Praktik sewa menyewa lahan tersebut dibenarkan Kades Lingga, Herson. Meski demikian, dia mengaku tidak tahu detil bagaimana sistemnya, karena penyewa berurusan langsung ke PT KAI. Herson mengaku bingung terhadap status lahan di wilayah Desa Lingga, karena disinyalir tumpang tindih antara tanah marga Desa Linga dengan PT KAI maupun PTBA. Untuk itu, pihaknya meminta kepastian hukum kepada pemerintah dan pihak terkait sehingga masyarakat tidak ragu-ragu dalam melakukan aktivitas pembangunan.

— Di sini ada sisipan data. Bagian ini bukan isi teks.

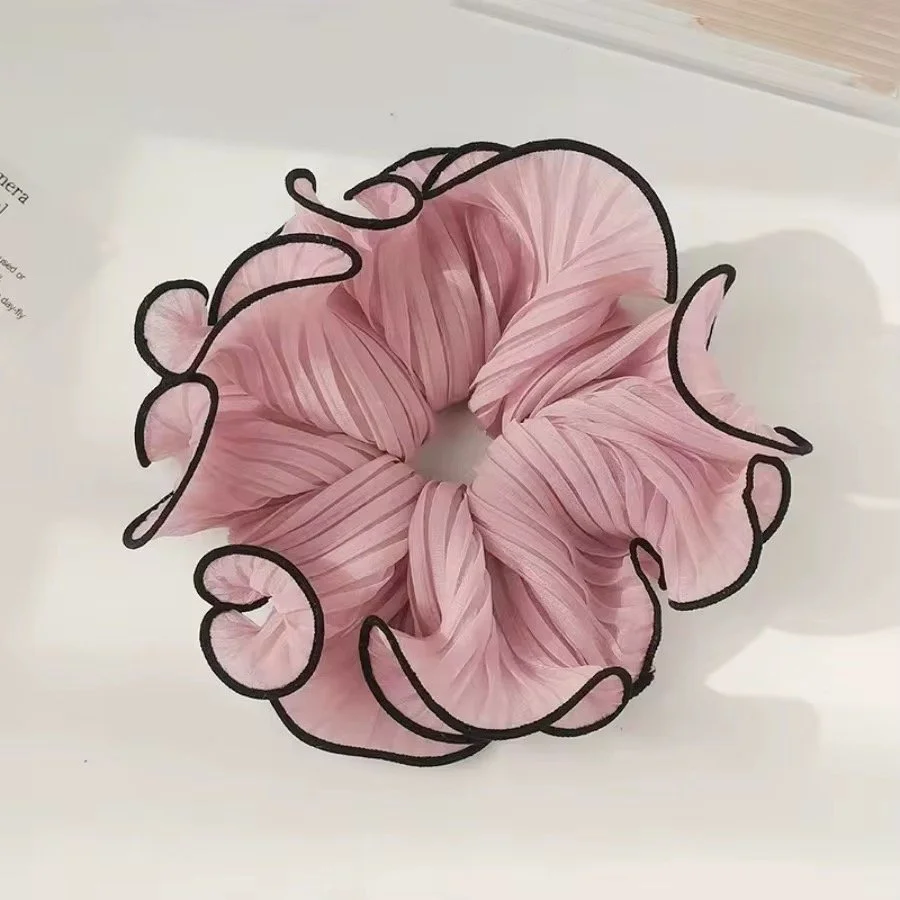 Tulle Hair Tie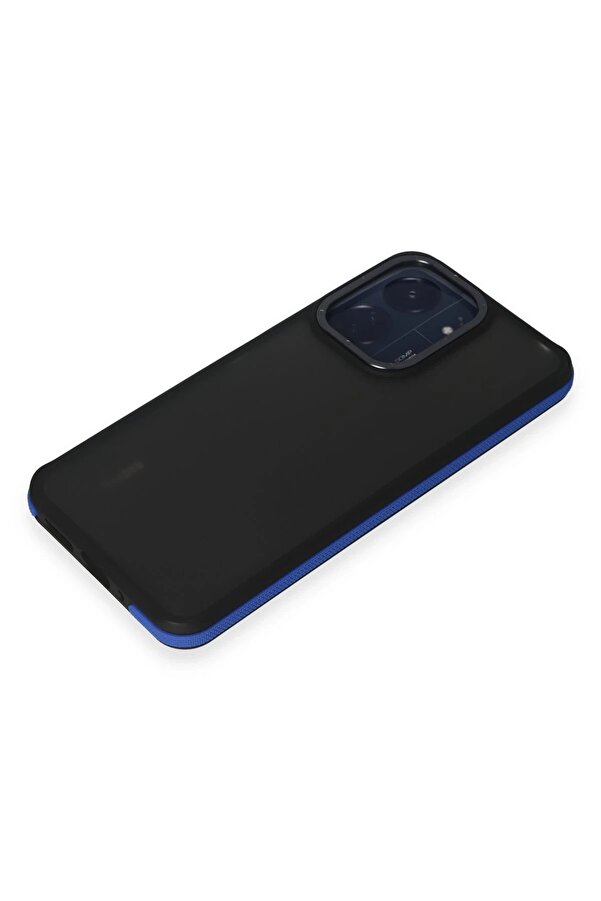 Xi̇aomi̇ Redmi̇ 13C Harvel Kapak - Laci̇vert - Dropx7552-5799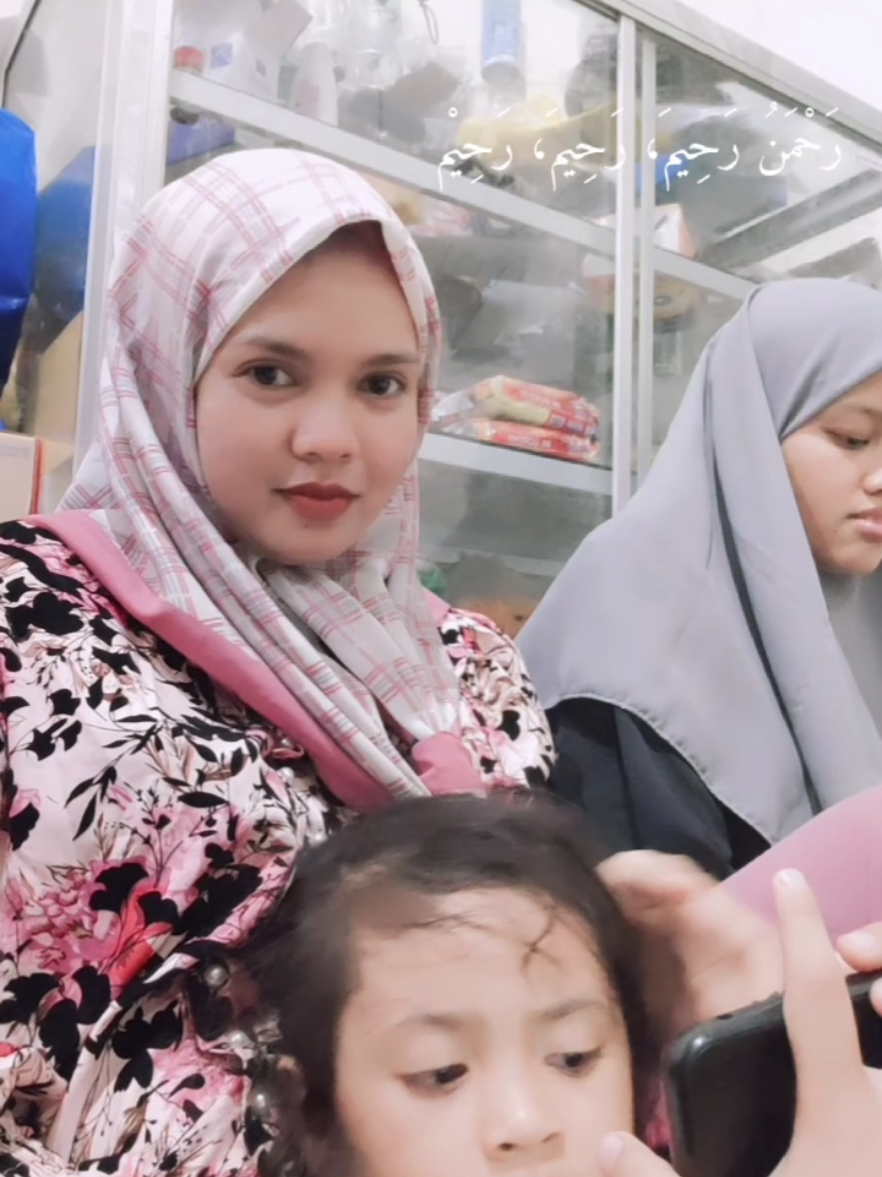 Masyaallah 🥹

Menurut dia, jika status lahan tersebut jelas, tentu masyarakat bisa mengajukan Izin Mendirikan Bangunan (IMB) dan bisa memberikan pemasukan Pendapatan Asli Daerah (PAD) bagi pemerintah daerah termasuk pemerintah desa.
"Kita mohon kepada instansi terkait untuk bisa bertindak sesuai prosedur dan mekanisme yang berlaku," kata Herson. (tim)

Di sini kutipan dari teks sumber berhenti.